Post a screenshot of Task Manager - Performance tab. I am really more interested in what Task Manager shows than some unknown program. This will provide much needed information.


----------



## Tyree (May 10, 2009)

Managing your running processes result in some improvement. One GB of RAM is sufficient to run XP but, as you see, it's not enough to run it efficiently. 
Adding some RAM would be highly beneficial. Adding RAM is best done in matched pairs (2X2GB-2X2GB etc,) to avoid compatibility problems. Crucial brand is the best option for OEM PC's.
RAM Memory Upgrade: Dell, Mac, Apple, HP, Compaq. USB drives, SSD at Crucial.com


----------



## Crazypete3 (Apr 5, 2009)

Sorry for the long reply, so this is what is running and poyol the cmd list does not work for me for some reason.
This is a picture of my process's/performance tab

Bull.jpg picture by Crazypete3 - Photobucket


Bulls.jpg picture by Crazypete3 - Photobucket


----------



## Poyol (Nov 4, 2009)

I've just looked at both of those images that you have posted - Neither one looks like your computer is using an unreasonable amount of RAM... It looks like your computer is running fine! It could be that the software you are using to report how much RAM is in use isn't working correctly, which software are you using?_ (However you are using around 50+% which isn't unreasonable!)_

Thanks

Poyol


----------



## LMiller7 (Jun 21, 2010)

I agree with Poyol.

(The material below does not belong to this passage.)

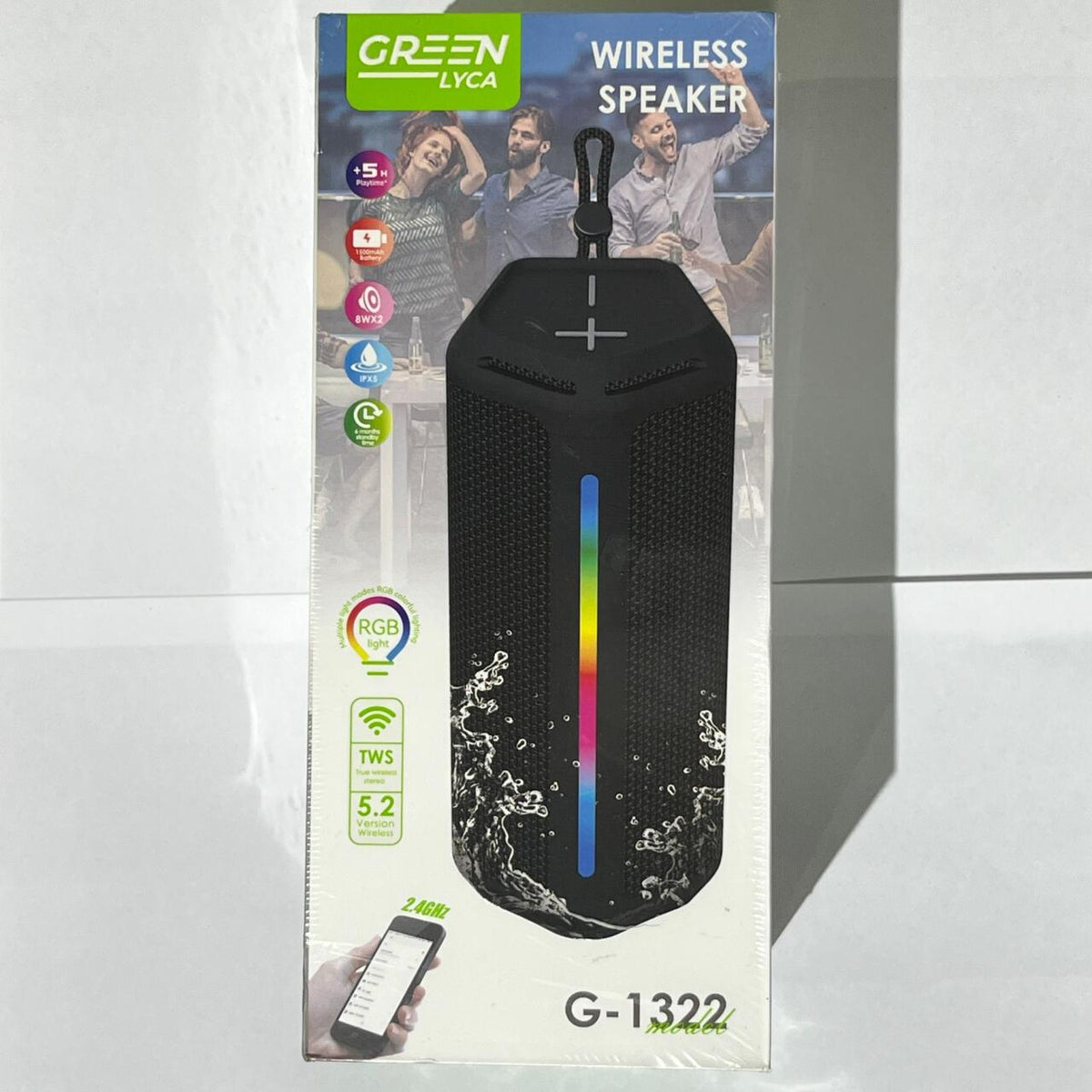 Altavoz Inalámbrico Portátil – Potencia, Estilo y Libertad de Sonido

I really don't see anything unusual or abnormal in the Task manager display. You have to understand that memory usage in Windows is HIGHLY dynamic. Memory usage of applications is dependent on what they are doing now, what they were doing recently, how much memory is available, and more. The memory manager always attempts to assign memory where it will do the most good to improve performance.

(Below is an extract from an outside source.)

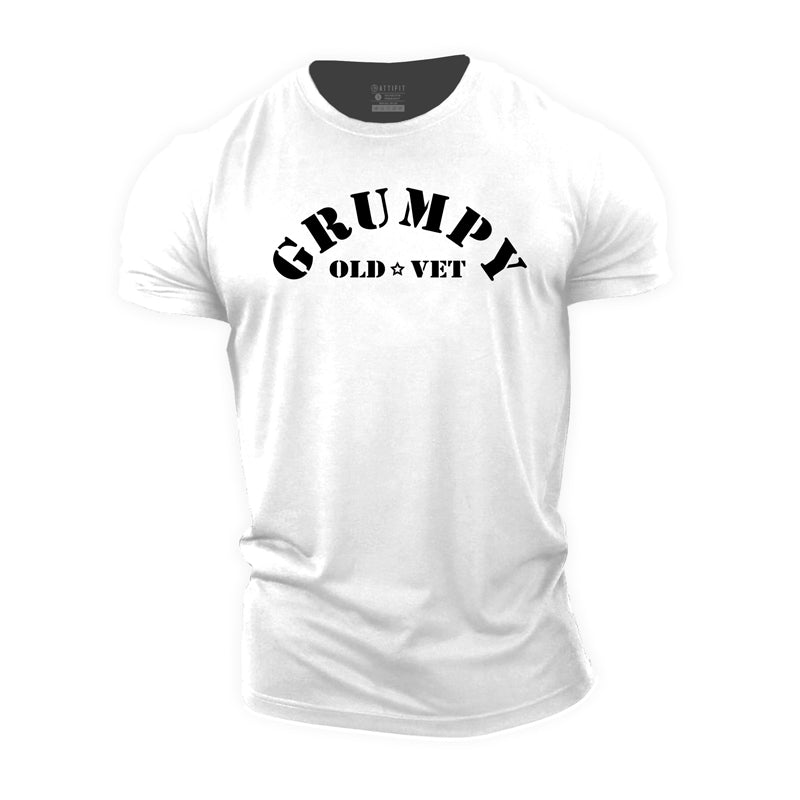 Grumpy Old Vet Cotton T-Shirt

Memory usage may seem high, but that is only because there is currently no better use for it. If a newly started application need memory the memory manager will reassign it as necessary. I have seen this occur many times. 

A guiding principle is always to maximize (yes maximize) memory usage. Unused memory is wasted memory. The ultimate goal is 100% memory usage all the time but OS design hasn't reached that level yet. XP is very good at managing memory and Windows 7 is even better. Unfortunately, Task Manager tends more to hiding than revealing this.

Memory management in a modern OS is not simple but is in fact extremely complex - and highly sophisticated. But most computer users have concepts of memory management that have been outdated for a very long time.


----------